Pinotage stalwart and Kanonkop cellarmaster Abrie Beeslaar confesses that it takes longer to master Pinotage than any other varietal.

"It is a variety with a thick skin like Cabernet Sauvignon, which has a ripening window of 45-50 days. However, Pinotage only needs 20-25 days between veraison to when it's ripe. Planning is vital."

As the gatekeeper of classicism, the 2015 vintage of their Estate Pinotage received 95 points in the Gilbert & Gaillard International Challenge, a wine that can effortlessly age another 30-40 years.

"People should be less concerned about what constitutes a typical Pinotage and concentrate on what substantiates quality. For me, structure, texture, and persistence come first. The character of Pinotage will follow suit, but people searching for quality don't always have a reference for Pinotage."

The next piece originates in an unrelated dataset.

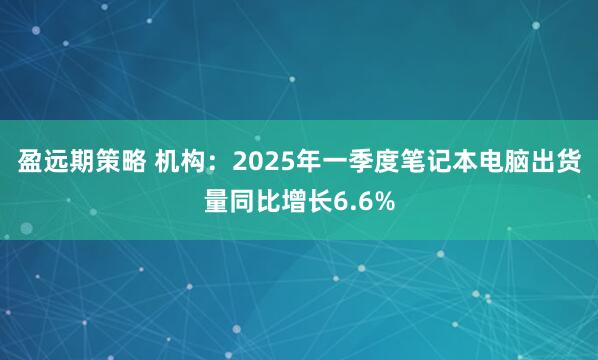 盈远期策略 机构：2025年一季度笔记本电脑出货量同比增长6.6%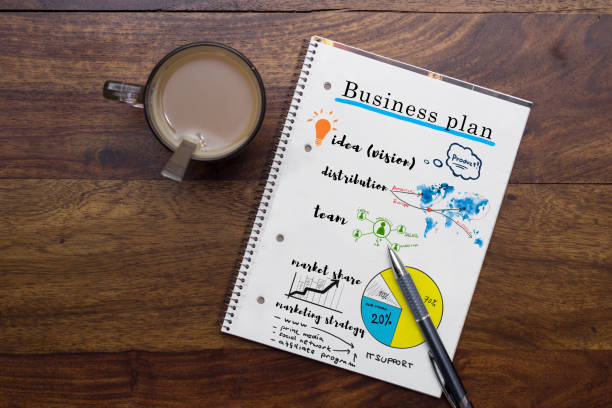 business plan notes on table stock photo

Adamant to showcase the versatility of Pinotage, Abrie utilized a block outside Kanonkop in 2005 under his Beeslaar brand, illustrating how soil drives style despite the vineyards being only three kilometres apart. 

Made from bush vines growing on shale, the Beeslaar Pinotage 2019 (93 points) portrays Pinotage's perfumed side while Kanonkop's bush vines thrive on granite synonymous with intense, dark fruit and a firm tannin density.

"Diversity needs to be valued, but winemakers need to let the soil guide them in stylistic decisions."


De Wet Viljoen, cellarmaster at Neethlingshof.

De Wet Viljoen, cellarmaster at Neethlingshof.



A fierce commitment to Pinotage awarded another Stellenbosch Estate's wine, the Neethlingshof Owl Post Pinotage 2020, with 92 points. 

"The big shift came about when winemakers started to allow the wine to be expressive of its different terroirs," explains Neethlingshof winemaker De Wet Viljoen. "Its future is bright, constantly performing and outperforming wines from around the globe."

The late Prof Eben Archer triggered Viljoen's passion for Pinotage.

"He told us to respect the vine, work sustainably and treat it as if it was one of your children. I have adopted that motto to produce the best possible wine."


Clearly, Pinotage possesses the uncanny ability to express site with new generation winemakers bringing a keen understanding of the aesthetics of fine wine as demonstrated by the trusty Simonsberg to new frontiers like Walker Bay, Skurfberg and Piekenierskloof.

"It is as if the "ball and chain" association with the old South African wine industry has finally been struck off," says Anthony Hamilton-Russell from Hamilton-Russell Vineyards in the Hemel-en-Aarde Valley. 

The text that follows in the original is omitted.